*WORK REQUIRED*:
Begin the copy at the line containing "in that case, what" in the data below and end it at the line containing "Hello friends. Welcome", keeping each line exact and leaving out pictures.

*DATA*:
Start of Block
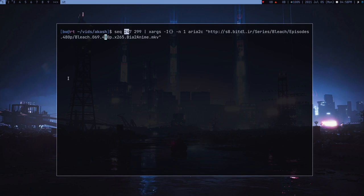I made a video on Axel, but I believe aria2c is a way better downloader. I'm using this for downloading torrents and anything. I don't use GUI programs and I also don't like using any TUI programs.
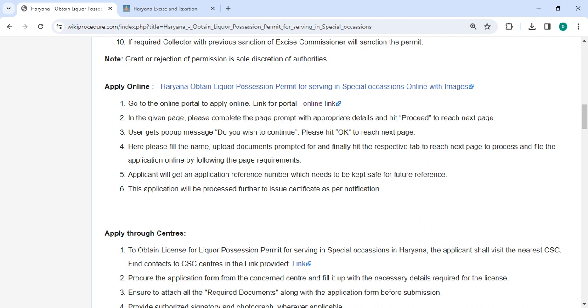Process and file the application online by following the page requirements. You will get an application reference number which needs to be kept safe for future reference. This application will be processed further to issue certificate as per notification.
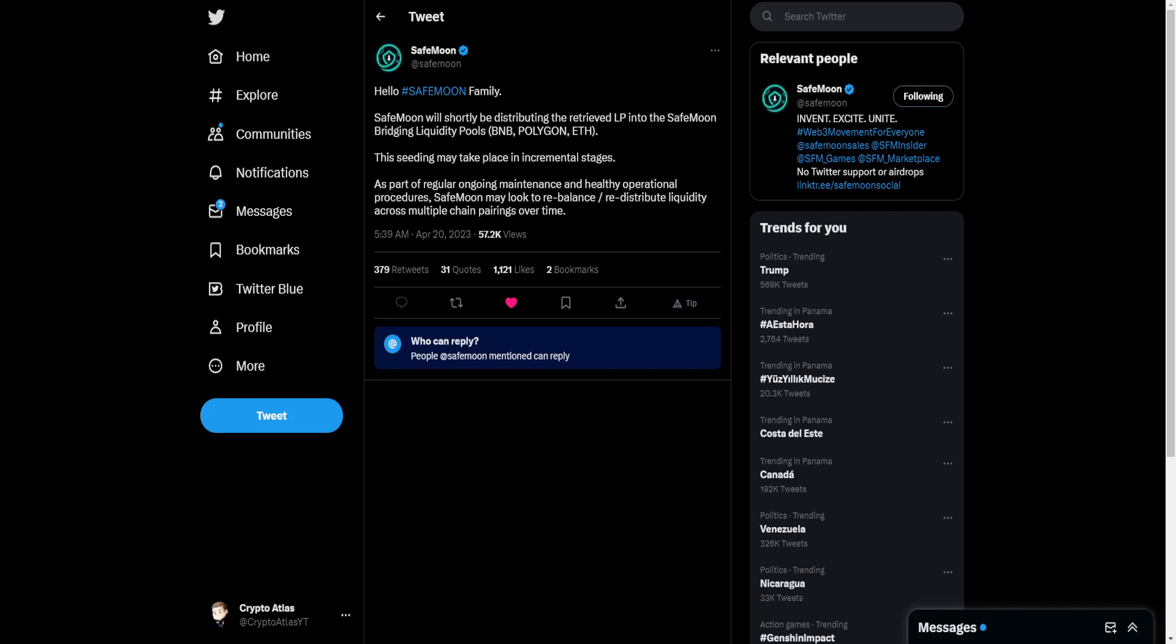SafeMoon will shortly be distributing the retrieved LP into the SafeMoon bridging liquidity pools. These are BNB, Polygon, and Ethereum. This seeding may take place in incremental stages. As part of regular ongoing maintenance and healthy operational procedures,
End of Block
Start of Block
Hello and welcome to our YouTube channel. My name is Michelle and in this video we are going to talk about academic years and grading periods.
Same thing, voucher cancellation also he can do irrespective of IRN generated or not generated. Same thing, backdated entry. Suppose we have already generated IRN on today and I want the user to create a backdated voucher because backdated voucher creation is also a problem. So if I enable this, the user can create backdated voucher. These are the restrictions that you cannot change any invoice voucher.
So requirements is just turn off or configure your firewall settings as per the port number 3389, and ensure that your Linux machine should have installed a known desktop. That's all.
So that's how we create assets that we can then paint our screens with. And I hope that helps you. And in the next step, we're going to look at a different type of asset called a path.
End of Block
Start of Block
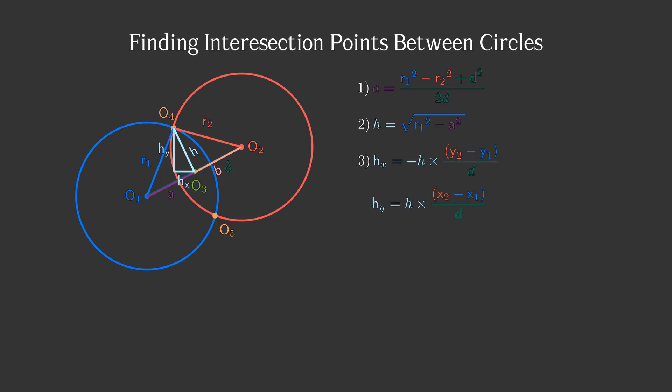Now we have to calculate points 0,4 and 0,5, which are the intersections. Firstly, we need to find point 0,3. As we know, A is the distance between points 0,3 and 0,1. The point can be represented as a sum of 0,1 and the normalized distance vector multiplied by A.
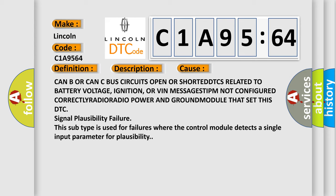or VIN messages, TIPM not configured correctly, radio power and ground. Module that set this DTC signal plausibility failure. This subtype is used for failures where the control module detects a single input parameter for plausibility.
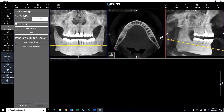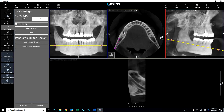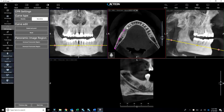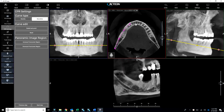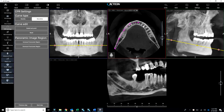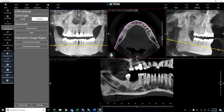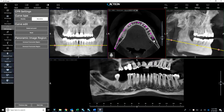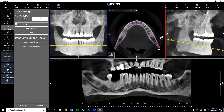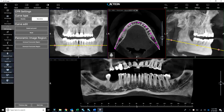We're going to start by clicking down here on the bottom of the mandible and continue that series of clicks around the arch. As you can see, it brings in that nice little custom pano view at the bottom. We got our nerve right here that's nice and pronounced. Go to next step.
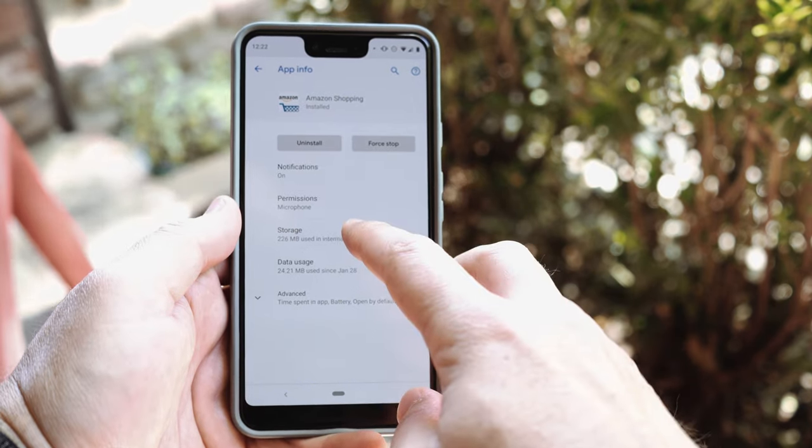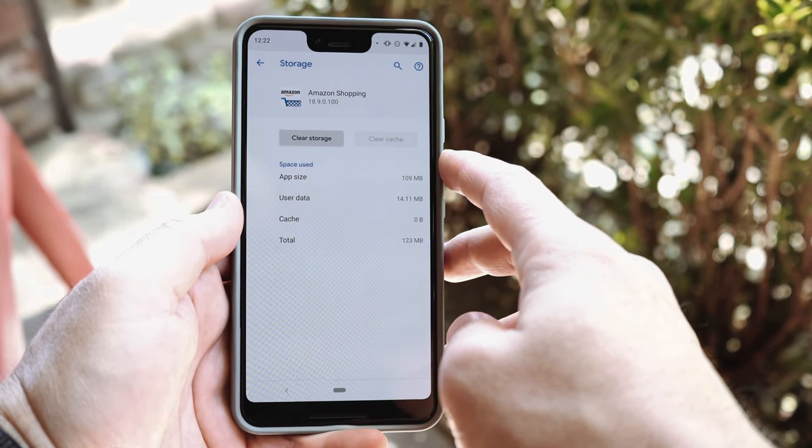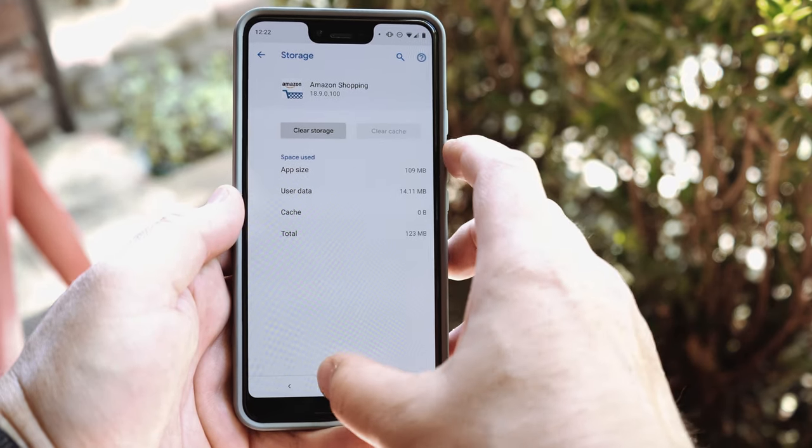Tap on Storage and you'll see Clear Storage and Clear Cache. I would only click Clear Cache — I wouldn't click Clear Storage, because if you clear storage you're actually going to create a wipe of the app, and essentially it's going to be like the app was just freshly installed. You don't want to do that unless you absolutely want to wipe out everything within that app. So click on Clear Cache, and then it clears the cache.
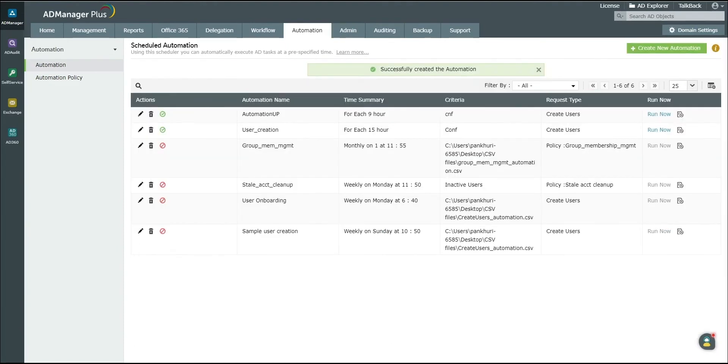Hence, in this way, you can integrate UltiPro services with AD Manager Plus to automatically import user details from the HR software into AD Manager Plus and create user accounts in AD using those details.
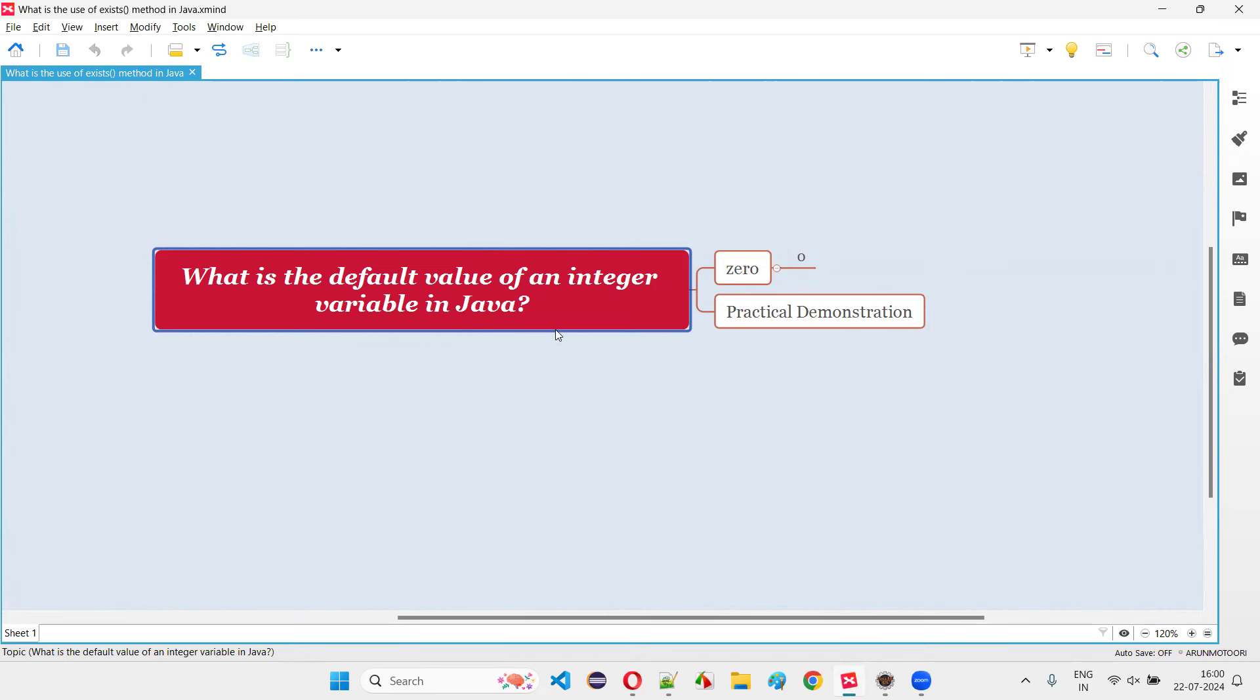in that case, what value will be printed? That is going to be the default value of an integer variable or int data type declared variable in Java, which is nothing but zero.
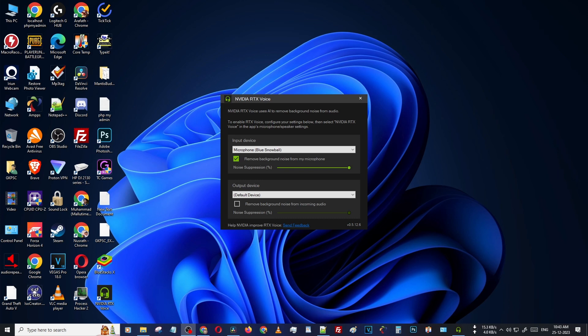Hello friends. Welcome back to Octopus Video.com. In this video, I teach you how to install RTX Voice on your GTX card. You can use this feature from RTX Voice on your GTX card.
End of Block
*ANSWER TO THIS TASK*:
in that case, what value will be printed? That is going to be the default value of an integer variable or int data type declared variable in Java, which is nothing but zero.
Hello friends. Welcome back to Octopus Video.com. In this video, I teach you how to install RTX Voice on your GTX card. You can use this feature from RTX Voice on your GTX card.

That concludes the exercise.